Rund 15 Millionen Euro hat das Gebäude gekostet, knapp sechs Millionen Euro kamen vom Land Berlin und vom Bund, weitere neun Millionen Euro sind Kredite von der Umweltbank und der Stiftung Umverteilen. Damit ist der Neubau nur unwesentlich teurer als ursprünglich veranschlagt. Die Nettokaltmiete liegt bei zehn Euro pro Quadratmeter, alle Räume sind bereits vermietet: »Wir hätten das Zentrum noch mal vermieten können«, sagt Armin Massing, Geschäftsführer von Berlin Global Village. Es gebe einen riesigen Bedarf an bezahlbarem Raum und der Möglichkeit, sich zu vernetzen. 400 Menschen wollen sich auf den rund 3500 Quadratmetern für gesellschaftliche Veränderungen und für globale Gerechtigkeit einsetzen.

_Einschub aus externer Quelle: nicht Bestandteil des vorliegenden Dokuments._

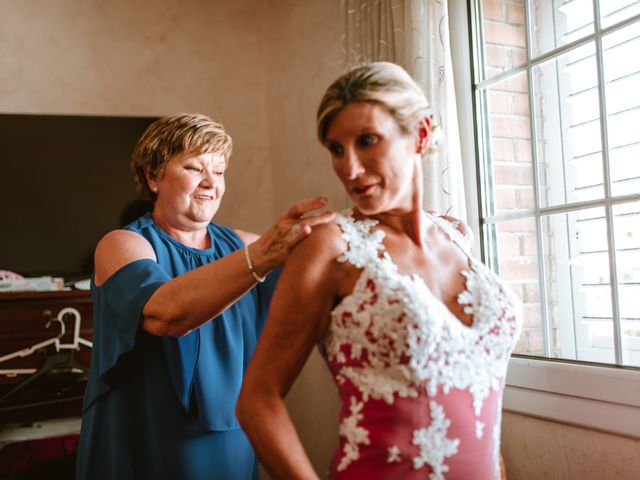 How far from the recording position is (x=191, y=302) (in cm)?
141

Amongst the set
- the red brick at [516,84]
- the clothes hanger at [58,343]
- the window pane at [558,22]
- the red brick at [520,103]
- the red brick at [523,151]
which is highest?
the window pane at [558,22]

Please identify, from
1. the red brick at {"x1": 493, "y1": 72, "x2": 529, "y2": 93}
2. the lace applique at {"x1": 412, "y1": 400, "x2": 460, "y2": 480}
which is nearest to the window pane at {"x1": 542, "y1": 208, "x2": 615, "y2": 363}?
the red brick at {"x1": 493, "y1": 72, "x2": 529, "y2": 93}

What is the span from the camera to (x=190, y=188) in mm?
1721

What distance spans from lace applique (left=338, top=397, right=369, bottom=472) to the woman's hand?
0.32 metres

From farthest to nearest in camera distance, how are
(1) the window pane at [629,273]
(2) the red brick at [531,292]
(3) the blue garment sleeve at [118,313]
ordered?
(2) the red brick at [531,292] → (1) the window pane at [629,273] → (3) the blue garment sleeve at [118,313]

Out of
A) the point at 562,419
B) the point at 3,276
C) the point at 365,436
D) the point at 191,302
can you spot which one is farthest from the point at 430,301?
the point at 3,276

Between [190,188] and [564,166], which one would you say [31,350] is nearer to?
[190,188]

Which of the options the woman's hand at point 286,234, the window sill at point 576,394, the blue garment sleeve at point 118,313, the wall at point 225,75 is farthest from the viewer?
the wall at point 225,75

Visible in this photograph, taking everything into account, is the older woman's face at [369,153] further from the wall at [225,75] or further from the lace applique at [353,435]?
the wall at [225,75]

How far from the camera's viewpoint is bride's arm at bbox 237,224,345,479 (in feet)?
3.60

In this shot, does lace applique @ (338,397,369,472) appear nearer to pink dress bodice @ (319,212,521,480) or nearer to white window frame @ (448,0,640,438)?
pink dress bodice @ (319,212,521,480)

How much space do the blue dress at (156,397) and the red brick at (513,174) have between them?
1.17 meters

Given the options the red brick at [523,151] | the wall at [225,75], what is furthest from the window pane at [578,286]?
the wall at [225,75]

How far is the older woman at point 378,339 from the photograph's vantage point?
1.10 meters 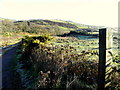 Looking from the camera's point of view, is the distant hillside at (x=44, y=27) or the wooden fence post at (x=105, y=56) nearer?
the wooden fence post at (x=105, y=56)

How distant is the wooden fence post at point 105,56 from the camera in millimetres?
2293

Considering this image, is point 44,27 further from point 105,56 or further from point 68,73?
point 105,56

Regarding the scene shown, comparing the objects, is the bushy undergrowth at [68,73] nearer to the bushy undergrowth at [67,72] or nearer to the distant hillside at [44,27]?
the bushy undergrowth at [67,72]

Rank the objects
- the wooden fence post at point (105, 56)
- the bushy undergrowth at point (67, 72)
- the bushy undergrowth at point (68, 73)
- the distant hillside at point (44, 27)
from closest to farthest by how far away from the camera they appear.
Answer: the wooden fence post at point (105, 56) < the bushy undergrowth at point (68, 73) < the bushy undergrowth at point (67, 72) < the distant hillside at point (44, 27)

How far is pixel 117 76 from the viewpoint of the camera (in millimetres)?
2662

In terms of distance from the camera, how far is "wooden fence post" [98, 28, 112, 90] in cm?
229

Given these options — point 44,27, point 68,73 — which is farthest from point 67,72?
point 44,27

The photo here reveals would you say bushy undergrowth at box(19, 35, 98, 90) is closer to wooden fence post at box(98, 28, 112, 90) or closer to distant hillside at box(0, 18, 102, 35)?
wooden fence post at box(98, 28, 112, 90)

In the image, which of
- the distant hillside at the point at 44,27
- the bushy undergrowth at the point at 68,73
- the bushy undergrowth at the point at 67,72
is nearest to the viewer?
the bushy undergrowth at the point at 68,73

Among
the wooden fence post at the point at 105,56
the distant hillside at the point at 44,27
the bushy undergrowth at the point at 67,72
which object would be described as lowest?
the bushy undergrowth at the point at 67,72

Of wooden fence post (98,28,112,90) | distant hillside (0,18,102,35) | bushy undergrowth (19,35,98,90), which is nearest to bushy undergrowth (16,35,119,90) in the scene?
bushy undergrowth (19,35,98,90)

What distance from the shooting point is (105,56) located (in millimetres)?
2318

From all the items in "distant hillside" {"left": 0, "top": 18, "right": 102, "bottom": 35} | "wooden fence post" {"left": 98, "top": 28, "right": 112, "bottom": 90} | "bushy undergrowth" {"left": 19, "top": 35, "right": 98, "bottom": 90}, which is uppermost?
"distant hillside" {"left": 0, "top": 18, "right": 102, "bottom": 35}

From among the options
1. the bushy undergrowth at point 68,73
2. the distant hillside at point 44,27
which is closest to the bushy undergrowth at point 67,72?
the bushy undergrowth at point 68,73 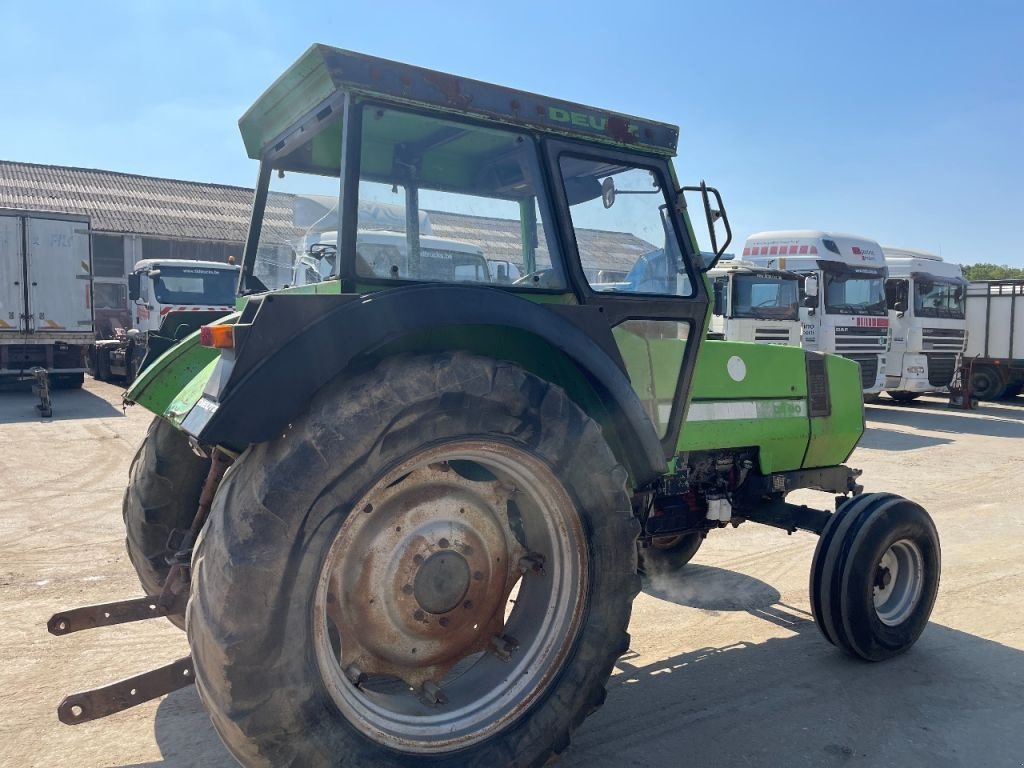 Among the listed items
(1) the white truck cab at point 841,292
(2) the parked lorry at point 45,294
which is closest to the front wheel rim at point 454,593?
(1) the white truck cab at point 841,292

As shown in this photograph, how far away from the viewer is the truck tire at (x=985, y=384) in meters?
18.0

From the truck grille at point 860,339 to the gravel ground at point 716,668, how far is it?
7.07 metres

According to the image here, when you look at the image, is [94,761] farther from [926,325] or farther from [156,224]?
[156,224]

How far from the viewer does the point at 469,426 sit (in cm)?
248

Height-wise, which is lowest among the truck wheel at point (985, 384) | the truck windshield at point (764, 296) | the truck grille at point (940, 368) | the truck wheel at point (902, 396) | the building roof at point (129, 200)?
the truck wheel at point (902, 396)

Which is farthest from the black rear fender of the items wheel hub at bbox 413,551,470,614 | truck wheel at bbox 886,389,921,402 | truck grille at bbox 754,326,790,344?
truck wheel at bbox 886,389,921,402

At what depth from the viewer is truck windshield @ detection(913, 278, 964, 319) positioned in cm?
1555

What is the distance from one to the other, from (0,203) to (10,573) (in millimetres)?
23667

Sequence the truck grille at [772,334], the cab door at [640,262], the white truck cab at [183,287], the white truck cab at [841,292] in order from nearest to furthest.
→ the cab door at [640,262]
the truck grille at [772,334]
the white truck cab at [841,292]
the white truck cab at [183,287]

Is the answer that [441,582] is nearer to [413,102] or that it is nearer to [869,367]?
[413,102]

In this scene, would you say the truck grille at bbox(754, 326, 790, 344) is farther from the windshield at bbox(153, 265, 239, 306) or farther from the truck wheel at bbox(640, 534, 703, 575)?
the windshield at bbox(153, 265, 239, 306)

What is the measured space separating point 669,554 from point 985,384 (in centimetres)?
1640

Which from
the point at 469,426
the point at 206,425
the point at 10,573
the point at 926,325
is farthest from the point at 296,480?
the point at 926,325

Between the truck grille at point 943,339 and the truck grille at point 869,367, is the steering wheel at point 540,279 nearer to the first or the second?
the truck grille at point 869,367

Es soll ein »sichtbares Zentrum« sein, sagt Massing. Wie es sich in die Nachbarschaft einfügt, wird sich noch zeigen.
Das Eine-Welt-Zentrum besteht aus zwei Teilen, dem nun eingeweihten schlichten Neubau und dem alten Backsteingebäude auf dem Gelände der früheren Kindl-Brauerei. Auf dem Neubaugrundstück stand zuvor ein weißes ehemaliges Verwaltungsgebäude der Brauerei, das von Kooperativen, Initiativen und Künstler*innen genutzt worden war. Diese mussten nach und nach ausziehen oder bekamen befristete Verträge, nachdem die Schweizer Stiftung Edith Maryon 2016 beide Häuser über ihre Tochtergesellschaft Terra Libra gekauft und der Berlin Global Village gGmbH übergeben hat. Die Stiftung hatte in der Vergangenheit bereits Hausprojekte wie den Schokoladen oder die Rigaer Straße 78 erworben und damit gerettet.
Berlin Global Village ist für die kommenden 100 Jahre Hausbesitzer und somit auch Vermieter. Für diese Zeit hat sich der Berliner Entwicklungspolitische Ratschlag (BER) einiges vorgenommen: »Politische Ämter und Verwaltungsstellen sind in Berlin kaum von Schwarzen Menschen und People of Color besetzt. Sie werden auf dem Wohnungsmarkt, bei Sozialleistungen und beim Zugang zu Fördergeldern benachteiligt.« Das will das neue Zentrum ändern, um die angestrebte »Eine Welt Stadt Berlin« zu realisieren.
Die Einweihung fiel mit dem 25. Geburtstag des BER zusammen, der 1996 gegründet wurde. Das Netzwerk von über 100 entwicklungspolitisch aktiven Gruppen und Vereinen und setzt sich in der Landespolitik für globale Gerechtigkeit ein. Der Verein Berlin Global Village ist 2011 aus einer Initiative des BER hervorgegangen. Als nächstes soll nun das rote Backsteingebäude saniert werden. Das Eine-Welt-Zentrum wird damit wohl erst im Juni 2022 komplett fertig sein.